My treatment plan begins with chemotherapy (4 rounds of AC, followed by 12 of Taxol), and I finished the first round on Wednesday, followed by a Neulasta shot on Thursday. I am feeling pretty good so far--just some fatigue and mild queasiness. I have been drinking a lot of water and taking meds as prescribed, supplemented with ginger gum, peppermint drops, and tea. I am thankful to have the support of my husband and daughter, who is a physician, as well as my extended family.

I look forward to connecting with you all!





Replies:
Posted By: Amrit
Date Posted: Jan 08 2021 at 12:09pm
Hello, I am 55 yrs old located in NW Arkansas.
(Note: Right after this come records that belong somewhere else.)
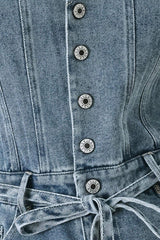 RELAXED CHIC DENIM ROMPER - Flying Tomato - Flyclothing LLC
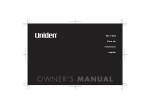 Uniden EXI7246B Owner's Manual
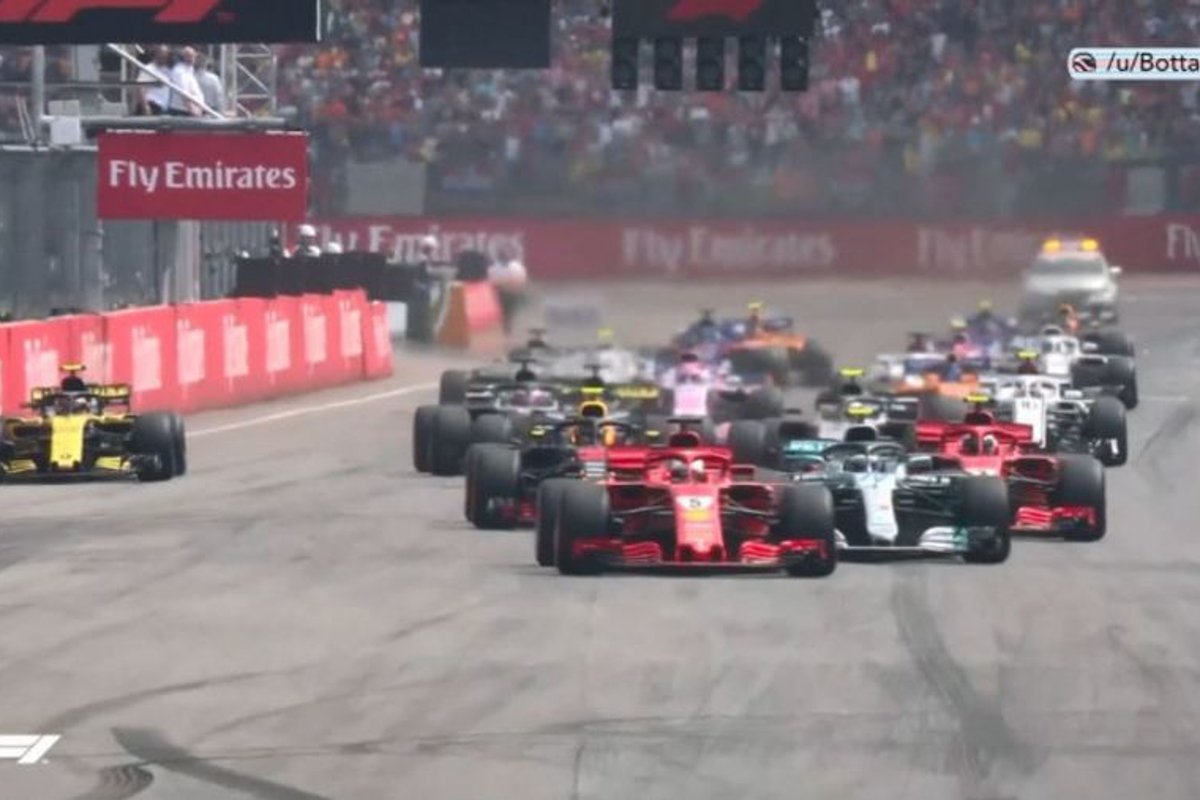 VIDEO: German GP race start
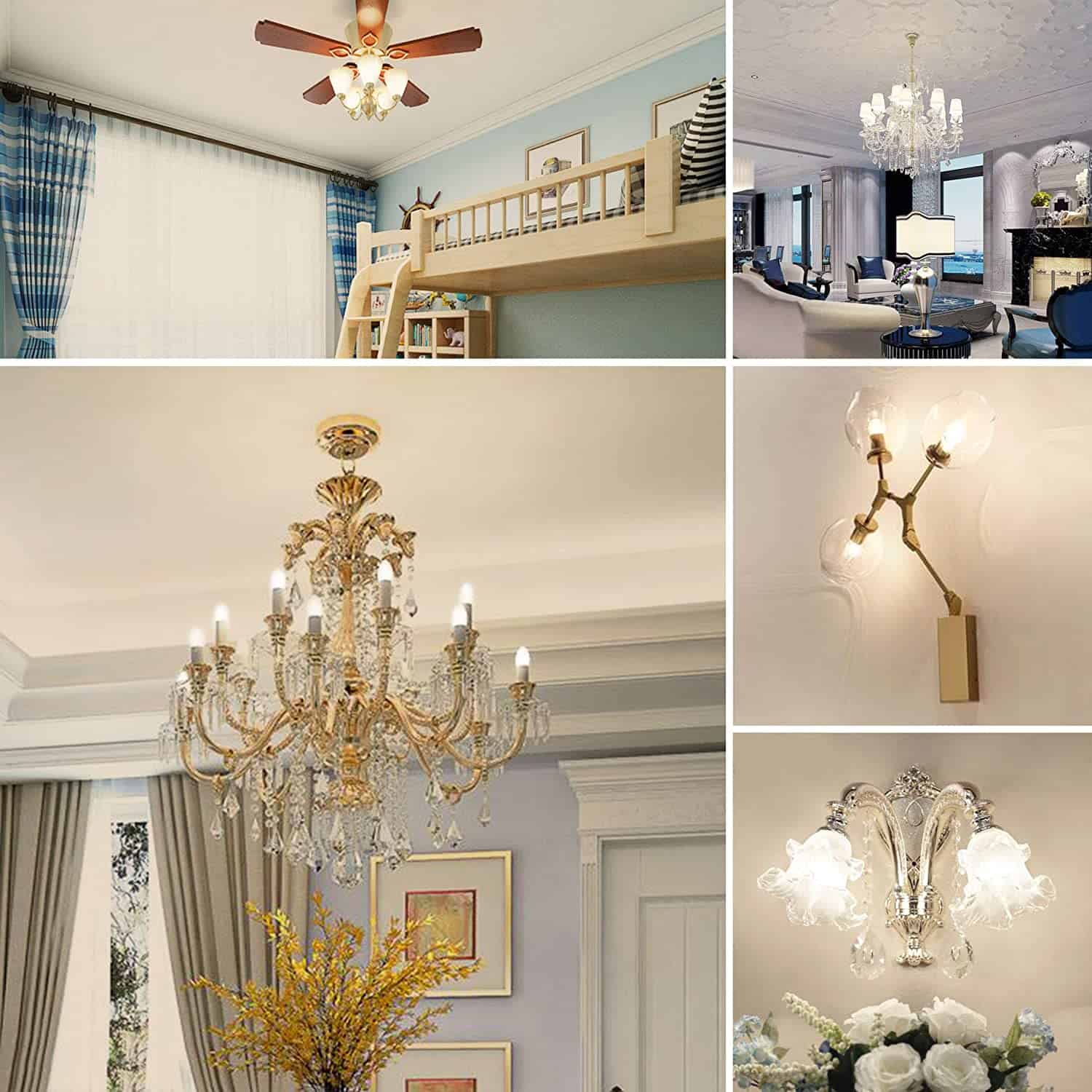 What Size Light Bulb For Ceiling Fan? IndoorClime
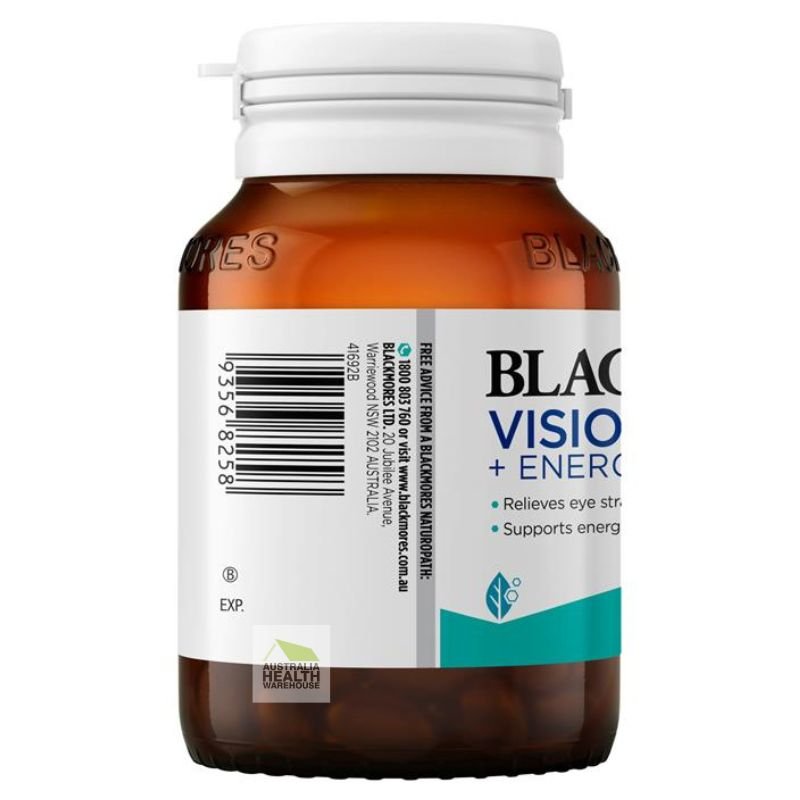 [Expiry: 10/2025] Blackmores Vision Care + Energy 60 Capsules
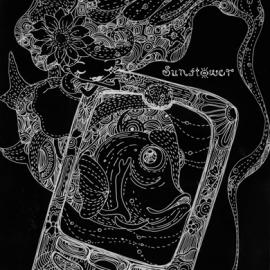 花花的世界-sunflower插画欣赏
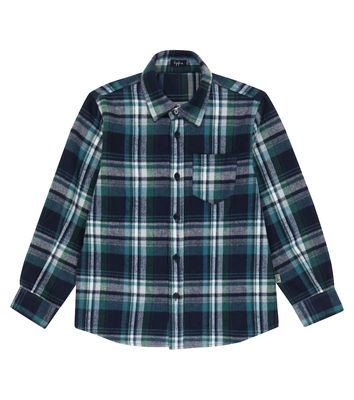 Il Gufo Checked flannel shirt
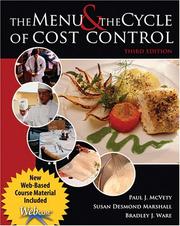 Cover of: The Menu and the Cycle of Cost Control with Webcom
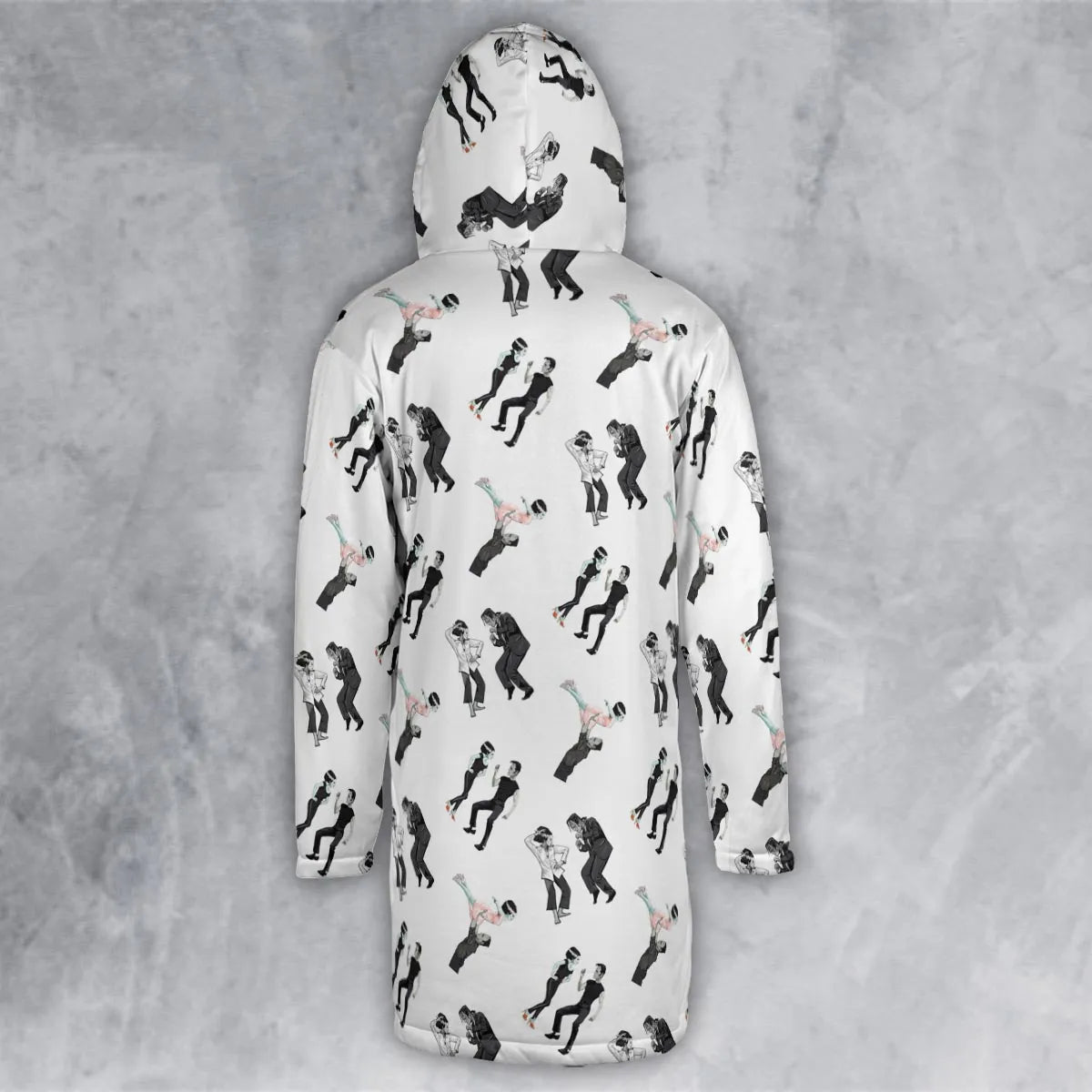 Hooded Cloak Coat - J6EWX1JQ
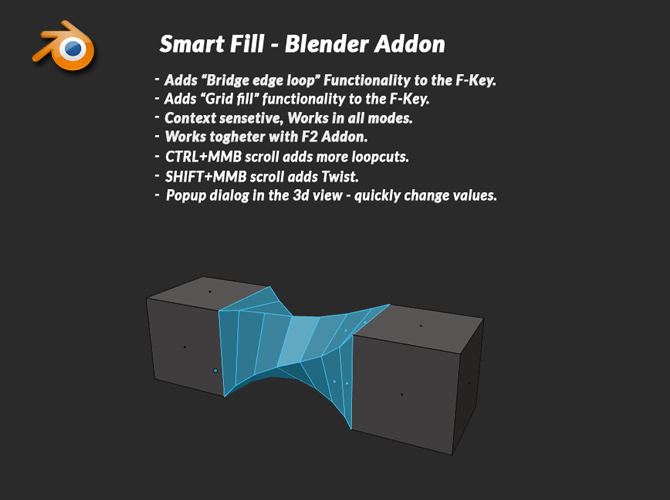 Smart Fill - Addon for Blender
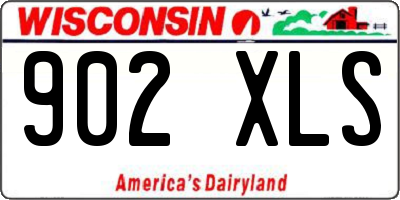 WI license plate 902XLS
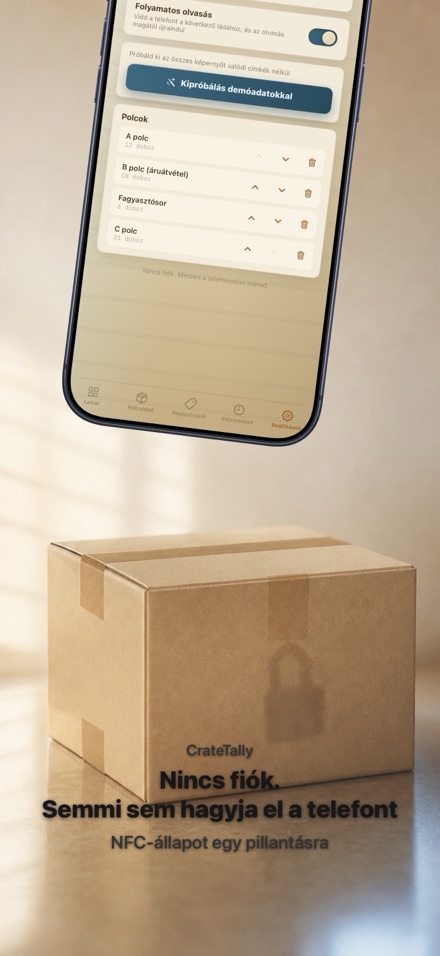 CrateTally NFC Raktárleltár 10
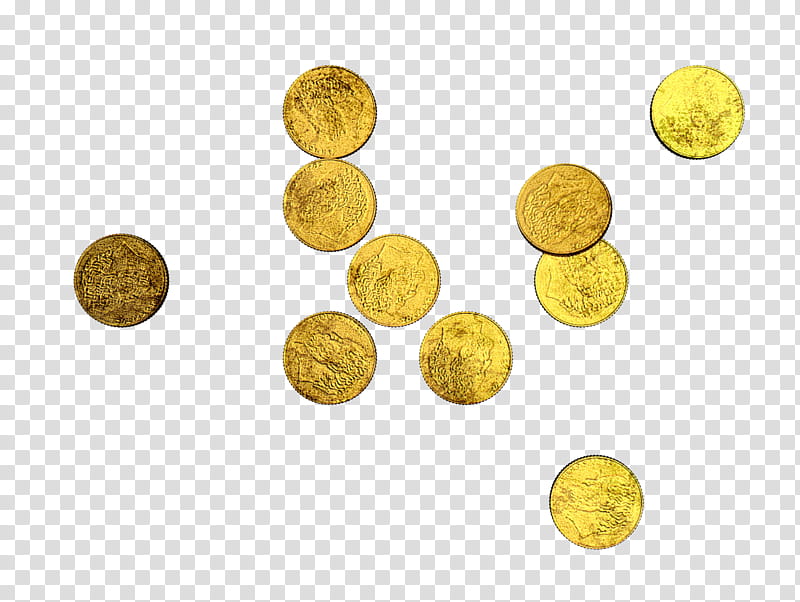 MB Golden Coins, round gold-colored coin lot transparent background PNG clipart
I was diagnosed of TNBC on Nov 3rd and later as BRCA1+. I have had MRI, CT, PET but none of the doctors have staged my cancer so far. My tumor in left breast is 3 cm in MRI and 1.8 cm in ultrasound. I think one of the doctors said that MRI overestimates tumor size. Not sure which diagnostic is used for staging the cancer or whether they do that after the surgery.

I started AC-T treatment on Nov 30th.  So far, I have had 3 rounds of AC with Neulasta in each round.  My 4th AC is scheduled next week.  Due to my BRCA1 mutation, I am heading to mastectomy, as well as removal of ovaries.  I am dreading these upcoming surgeries. 

I will be posting on this forum throughout my treatment. Thank you to all the members, who share their experience!!



Posted By: 123Donna
Date Posted: Jan 08 2021 at 12:23pm
Jennifer and Amrit,

Welcome to this group.  It's a place no one wants to be, but I hope you will find a warm and caring community to help support you.  This forum was my life saver during my journey.  It kept me sane and connected with people that understand what you are going through. 

Donna


-------------
DX IDC TNBC 6/09 age 49, Stage 1,Grade 3, 1.5cm,0/5Nodes,KI-67 48%,BRCA-,6/09bi-mx, recon, T/C X4(9/09)
11/10 Recur IM node, Gem,Carb,Iniparib 12/10,MRI NED 2/11,IMRT Radsx40,CT NED11/13,MRI NED3/15



Posted By: SagePatientAdvocates
Date Posted: Jan 08 2021 at 3:57pm
Dear Jennifer and Amrit,

I echo Donna's welcome to both of you. 

Wishing, both of you, much success with your treatment plans.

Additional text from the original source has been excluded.